How Much Does it Cost to Build a Tiny House?

The cost of building a tiny house

Over the past year, I’ve detailed our adventures building a tiny 350 square foot house, from sinking the first post in the ground, to siding and framing, to insulating, and finally moving in! (you can read the entire series here).  A question that comes up frequently when we mention that we’re building a house is, “How much does it cost to build a tiny house?”

It depends.

I know that’s a horrible answer to give, but it’s true!  The cost of a tiny house will depend on many factors such as:

  • Whether you are doing the building yourself or hiring out the labor
  • What permits are required where you live
  • If you’re using new or reclaimed/recycled materials
  • The quality of your materials (for instance a granite counter top vs. a re-used counter from the Habitat ReStore)
  • And many other factors, such as wiring for electricity, plumbing, etc.

We kept detailed records of the cost of materials as we were building, and I’d love to share that information with you today. I’m also very fortunate to have a neighbor who also built her own tiny house, and she has generously shared her records with me as well, as comparison.

Beth’s Tiny House

120 square foot tiny house


Beth is a skilled natural builder who used a combination of her own labor, volunteer labor, and hired labor to build her 120 square foot house on wheels. Her house includes a 6 x 8′ porch, and a 7 x 7′ sleeping loft.

Beth’s house was built with a combination of reclaimed lumber for the framing, subfloors, and trim, and locally milled wood to frame her porch and sleeping loft. The reclaimed lumber was obtained from a regional friend whose cottage industry is to find, collect, and prepare reclaimed lumber so builders can use it in a “like-new” condition.  As such, his lumber costs .80 cents a board-foot.

Beth’s walls and ceiling are insulated with 1″of rigid foam and 6″ of blown cellulose, and the floors are insulated with 8″ of rigid foam, which she says certainly added to her costs.

Other reclaimed materials include cabinets, all windows except one, floor tile, sink, formica countertop, tongue and groove subfloor and loft floor, trim wood, shelving in closets, and a trailer chassie.  She purchased a new table and chairs and those costs are reflected here as well.

Materials Cost: $14,200 (this includes a used hay wagon chassie on which her house sits)

Beth’s Labor: close to 1,000 hours (Beth might charge $15/hour locally)
Volunteer Labor: 100 hours
Hired Labor: approx. 465 hours @ $15/hour
Labor Cost: $7,000

Total Cost of Beth’s 120 Square Foot House: $21,200


Our Tiny House

348 square foot house

December 2013

My husband Brian has years of building experience, and did most of the labor on our 348 square foot house.  We gladly accepted volunteer labor when it was offered, but did not track the hours, as much of our building was done in between planting trees, growing a garden, and chasing after two kids!
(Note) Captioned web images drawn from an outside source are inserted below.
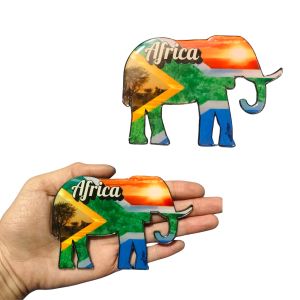 Africa High-Quality Magnets. The Perfect Souvenir and Décor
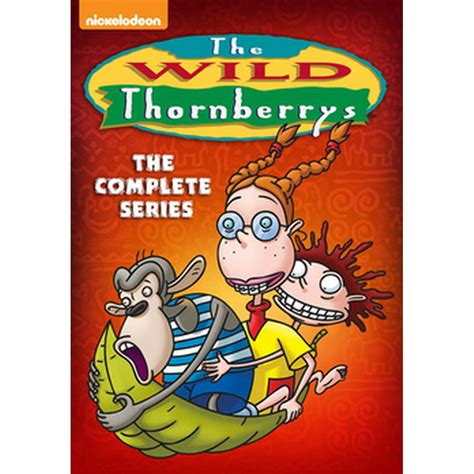 The Wild Thornberrys: The Complete Series (DVD) - Walmart.com - Walmart.com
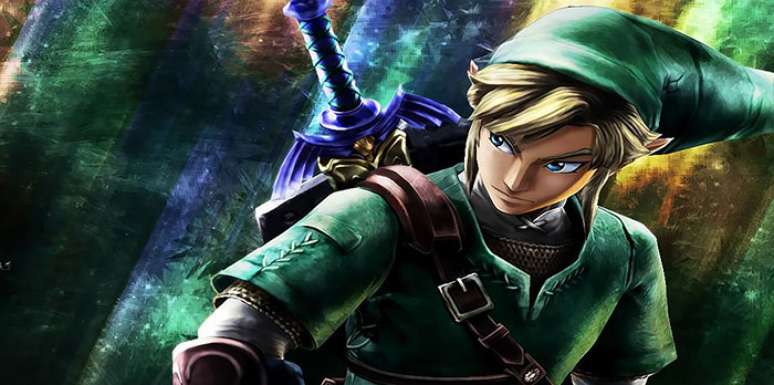 Link (não ouse chamá-lo de "Zelda" que é treta na certa...)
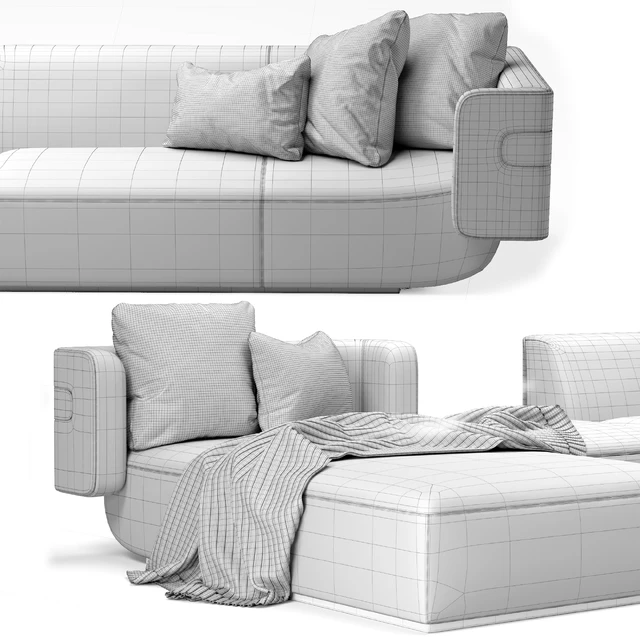 Longhi Mi Sofa — Скачать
Our house was built with a combination of reclaimed and new materials. We used locally milled wood for the framing, but purchased reclaimed 100 year old barn wood for the exterior siding. The windows and doors were a combination of reclaimed from the Habitat ReStore, and bargains from a materials overstock warehouse.

The house is insulated with rigid foam in the floors and blown cellulose in the walls and ceilings.  Half of the house’s floors was insulated with free, used rigid foam; the rest was new.

Our house’s interior is still unfinished, but we have included our estimate of the materials we need to purchase (sheetrock,plaster, and cork flooring in the kitchen). However, we have not included the cost of our front porch, or some interior finish wood/shelving, as we are milling and planing our own wood.

Unlike Beth, we did not account for items like a table and chairs, sink, counter top material, or a wood stove because we already owned those items.

Materials Cost: $7,800


We saved thousands of dollars by doing most of the work ourselves, occasionally trading work with friends and neighbors, and hosting a week of work parties for the final push of insulating.  We were also blessed with three weeks of help from Brian’s parents, and many hours of drop-in volunteer assistance.

We did hire our neighbor Beth for several days’ work, as well as another carpenter friend for one afternoon.

Labor Cost: $470

Total Cost of our 348 Square Foot House: $8,270


Table of how much it costs to build a tiny house
So what does it cost to build a tiny house?  It depends. 

It depends on exactly what you are including when you declare your sticker price.  I have seen advertisements online for plans to build a tiny house with new materials, for $2,000. But when you read the fine print, that cost does not include doors or windows.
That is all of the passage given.